● **GOAL OF THE EXERCISE**
Give back every line of the material exactly. Skip the pictures.

● **DATA EXCERPT**
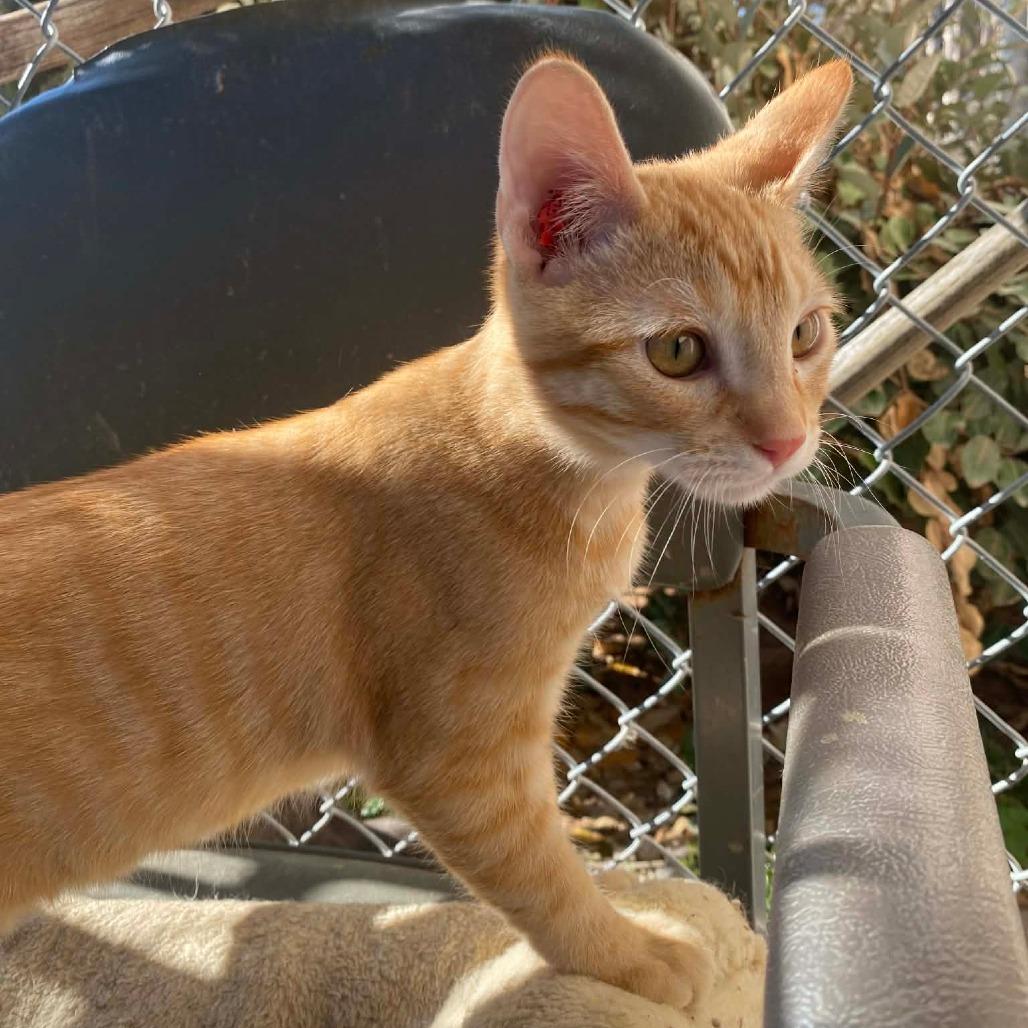 Peepal — thumbnail 2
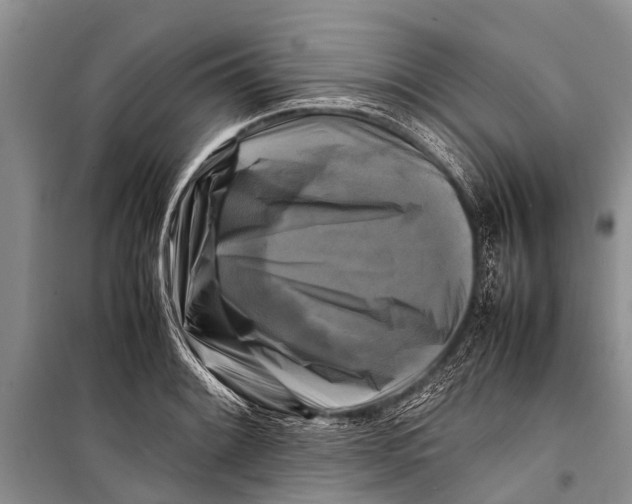 X0000098191084200805151159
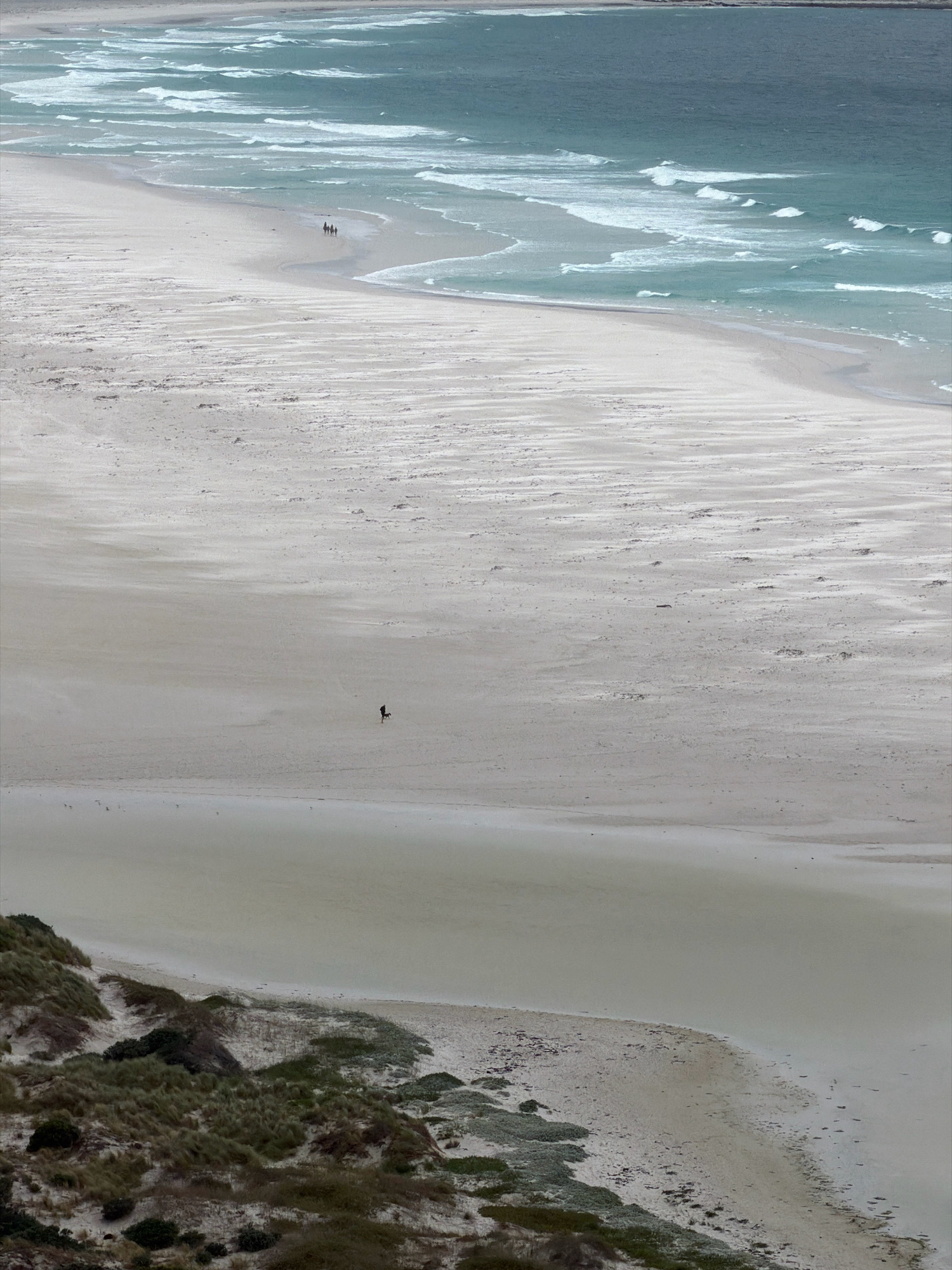 The image shows a wide expanse of a sandy beach at Noordhoek, South Africa. The foreground features rolling sand dunes covered in hardy, green coastal vegetation. The beach itself is a pale, light beige color, with a smooth, undulating surface marked by wind patterns. In the mid-ground, a lone figure, possibly a person with a dog, walks across the vast sandy area. Further towards the water, a small group of three figures are visible near the edge where the waves meet the sand. The ocean dominates the background, with its turquoise water breaking into white waves that stretch towards the horizon. The overall scene conveys a sense of open space, natural beauty, and a tranquil coastal environment.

● **REPLY**
 Peepal — thumbnail 2
 X0000098191084200805151159
 The image shows a wide expanse of a sandy beach at Noordhoek, South Africa. The foreground features rolling sand dunes covered in hardy, green coastal vegetation. The beach itself is a pale, light beige color, with a smooth, undulating surface marked by wind patterns. In the mid-ground, a lone figure, possibly a person with a dog, walks across the vast sandy area. Further towards the water, a small group of three figures are visible near the edge where the waves meet the sand. The ocean dominates the background, with its turquoise water breaking into white waves that stretch towards the horizon. The overall scene conveys a sense of open space, natural beauty, and a tranquil coastal environment.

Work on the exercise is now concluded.